EXERCISE DATA Block Start

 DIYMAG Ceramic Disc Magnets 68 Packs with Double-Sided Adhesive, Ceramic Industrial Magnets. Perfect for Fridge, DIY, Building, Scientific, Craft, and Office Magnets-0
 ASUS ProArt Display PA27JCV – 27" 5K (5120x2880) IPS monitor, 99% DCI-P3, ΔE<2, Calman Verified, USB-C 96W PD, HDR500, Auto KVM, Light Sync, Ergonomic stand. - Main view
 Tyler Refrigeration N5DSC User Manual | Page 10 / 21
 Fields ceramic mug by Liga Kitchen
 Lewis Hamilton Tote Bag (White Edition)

EXERCISE DATA Block End
EXERCISE DATA Block Start

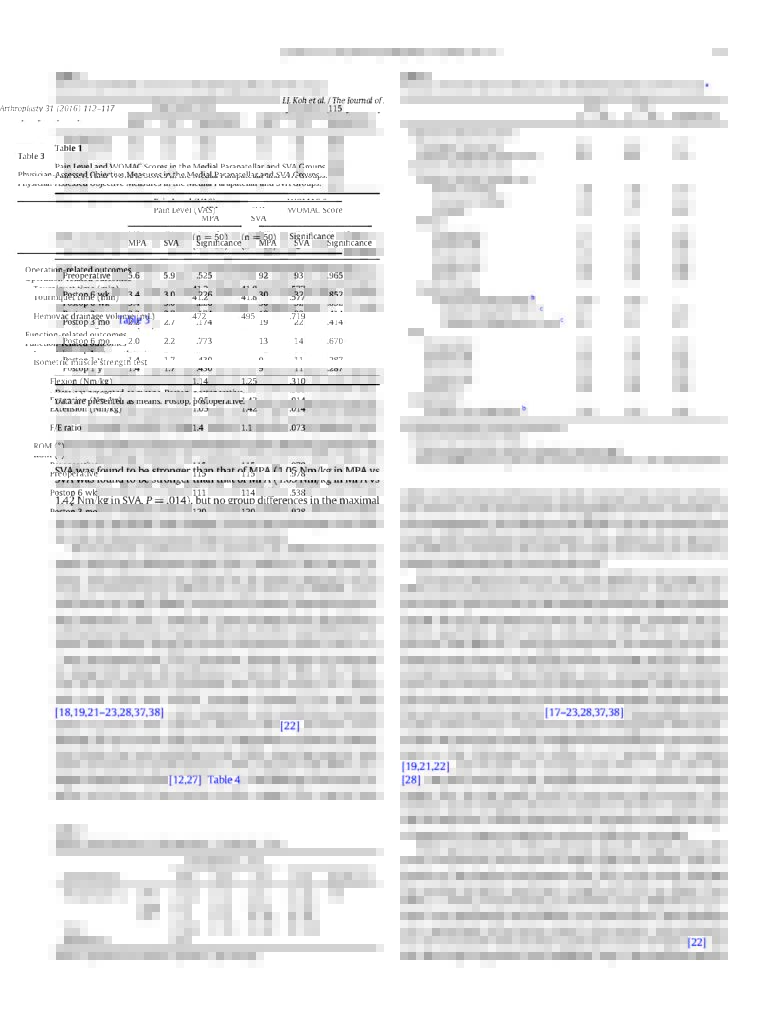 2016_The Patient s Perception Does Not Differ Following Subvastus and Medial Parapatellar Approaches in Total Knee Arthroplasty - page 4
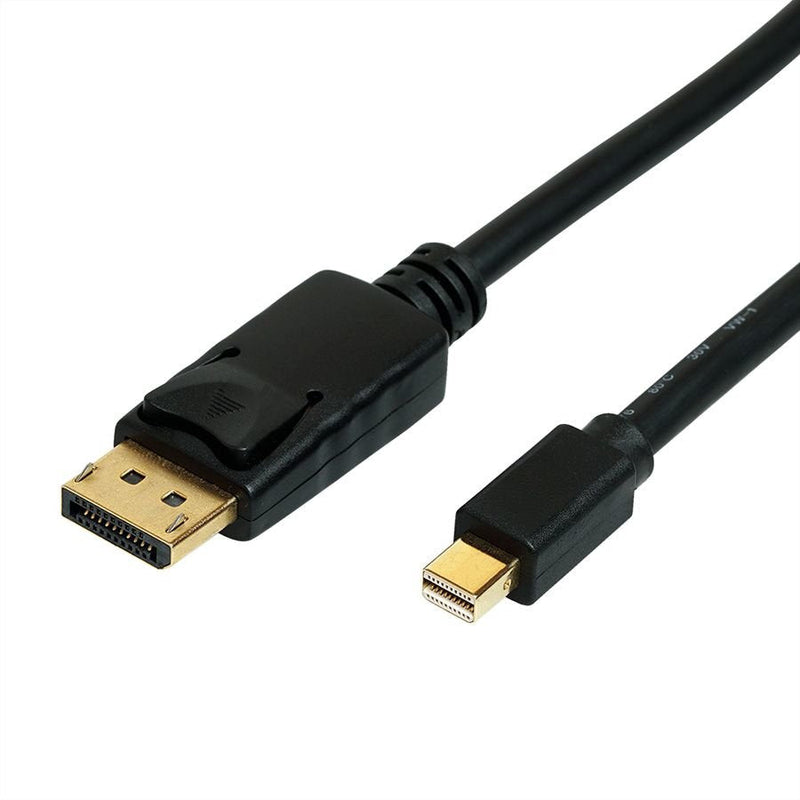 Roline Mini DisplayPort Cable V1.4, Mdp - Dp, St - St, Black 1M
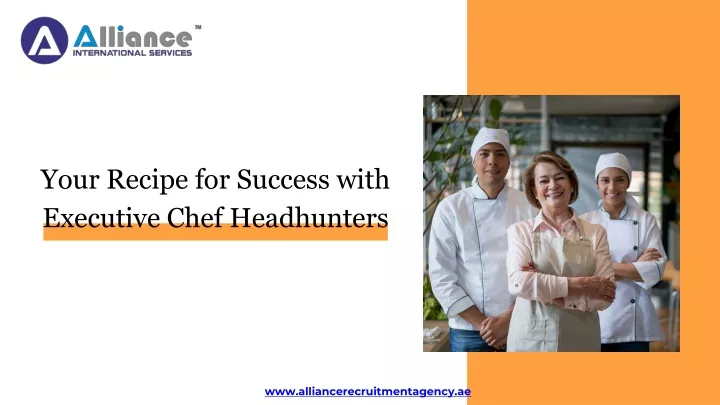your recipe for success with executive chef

EXERCISE DATA Block End

Quote the listing above, but only from the line that shows "DIYMAG Ceramic Disc" through the line that shows "Lewis Hamilton Tote Bag (White Edition)".

 DIYMAG Ceramic Disc Magnets 68 Packs with Double-Sided Adhesive, Ceramic Industrial Magnets. Perfect for Fridge, DIY, Building, Scientific, Craft, and Office Magnets-0
 ASUS ProArt Display PA27JCV – 27" 5K (5120x2880) IPS monitor, 99% DCI-P3, ΔE<2, Calman Verified, USB-C 96W PD, HDR500, Auto KVM, Light Sync, Ergonomic stand. - Main view
 Tyler Refrigeration N5DSC User Manual | Page 10 / 21
 Fields ceramic mug by Liga Kitchen
 Lewis Hamilton Tote Bag (White Edition)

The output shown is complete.